Now, when we have different past-tense forms of a word, one sometimes displaces the other (though here both forms are old and still reasonably strong) and just sometimes they split in meaning.

Stricken and struck now mean different things (though there is an overlap of senses where either can be used) and there is the rather arbitrary hanged / hung distinction where "meat is hung, men are hanged"* that quite likely exists for no reason other than people have enjoyed pointing out other people were using the terms "incorrectly" for centuries, and so a distinction that might well have blurred naturally as the language evolved has continued.

These distinctions no doubt arose from someone like you having a sense that one form matched one sense better than another. It's interesting that in a question here about the difference between lit and lighted (there is none) and why Hemmingway favoured the less-common lighted (it was then more common, and also it rhymes with other words he was using) there were a few different personal theories about the difference between them, none of which have any evidence descriptively, but all of which are perfectly fine in terms of how someone might choose to pick between them (the prescriptive can actually be more liberal than the descriptive, when one prescribes only for oneself).
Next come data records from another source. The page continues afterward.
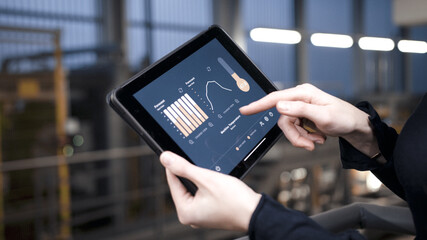smart worker using ar industrial analysis app on tablet mobile device © Stock57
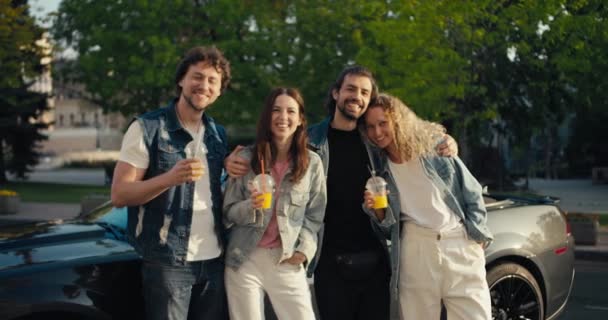 幸せな友人のグループが黄色のカクテルを手に車の近くに立っていて 幸せな夏の夜にカメラを見ています — ストック動画
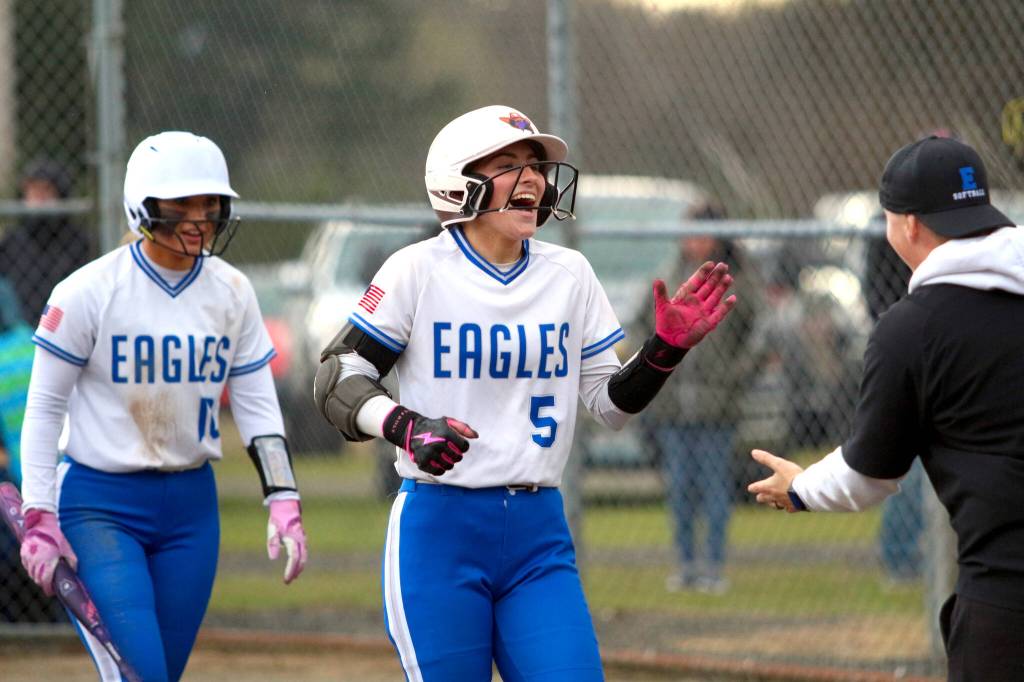 RYAN SPARKS | THE DAILY WORLD Elmas Raelynn Weld (5) is congratulated after scoring the go-ahead run in the sixth inning of a 7-5 loss to Shelton on Thursday in Elma.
Your associating one past-tense of plead with one sense, and the other with another is another example of this; it's not backed up by records of usage, which is much more distributed by geography than the sense, but it's a reasonable basis to pick when choosing for yourself.

*"I'm well-hanged".


The OED has the following comment in the etymological section of the entry:

The acceptability of plead and pled as past tense and past participle forms has been questioned by commentators on usage; both forms have often been associated with legal usage. For a full discussion of this, with examples, see B. A. Garner Dict. Mod. Legal Usage (ed. 2, 1995) 667.

I do not have access to Garner’s book, so I do not know what his conclusions are, but the comment indicates that you are not wrong in your perception, although perhaps it would be more accurate if amended somewhat.

I agree with the OED that the difference between ‘pleaded’ and ‘pled’ (to me) is that the former works in all cases, whereas the latter is restricted to legal senses.

As such, I find “He pleaded not guilty” and “He pleaded with the king for mercy” both to be completely unremarkable; but of “He pled not guilty” and “He pled with the king for mercy”, only the former is acceptable—the latter jars.

In other words, I would not, like you seem to do, consider the two forms to be in complementary distribution; rather, I would consider ‘pled’ to be a restricted, alternative form.